こんな状況ではエサを消耗するばかりだと判断して移動を決める。ナカトにたくさんの船が集まっているのが気になっていたのだ。
ジギングをやっている船が多いので青物を狙っているのだろう。僕も高仕掛けで狙ってみるがアタリはさっぱりで、10時頃になりそろそろ潮の流れも緩くなり始める頃だと思いまたカワハギ釣りに変更。
底を取りやすいようにと30メートルより浅いところで仕掛けを下すがエサ取りばかりだ。



これでは埒が明かないと底を取れないのを承知で40メートルラインまで移動。海底に錘が到着するまでに道糸は50メートル以上出てゆく。しかし、やはり仕掛けが安定しないのかコツンとアタリがあってもそれっきりでエサだけがなくなる。いきなりゴツンというアタリで上がってきたのは本命ではないカスゴだった。

最後の1匹のエサを使い終わって正午前に終了。

ちょうど同じようなところを流していたNさんに聞いてみると二人で10匹以上釣っているとのこと。あの速い潮の中で本アタリが出るまでエサを追わせるというのはお見事というしかない。

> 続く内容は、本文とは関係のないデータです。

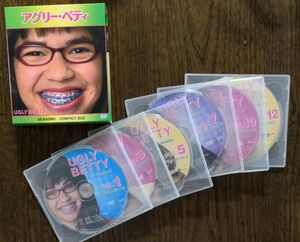 [国内盤DVD] アグリーベティ シーズン1 コンパクトBOX [12枚組]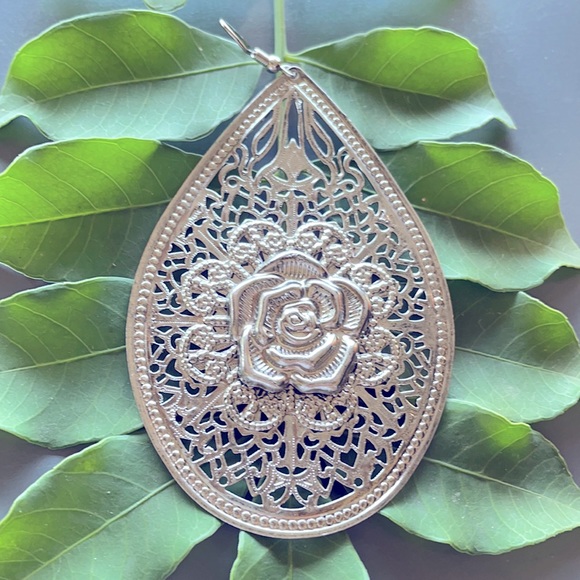 🦩Polazzo rose earrings drop 🦩 - Picture 3 of 4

また、出直しだ。エサを300円分だけにしておいてよかった・・。

今日のように最初はポツポツ釣れていて後になるほど釣れなくなってくると体はものすごく疲れたように感じる。これが逆ならあまり疲れたように感じないのだ。
天気のいい日は休みのたびに釣りに行っているので疲れるのは当たり前といえばそうなのかもしれないが、今日は特に疲れた。
次の休日は絶対にゆっくり寝ようと思う・・。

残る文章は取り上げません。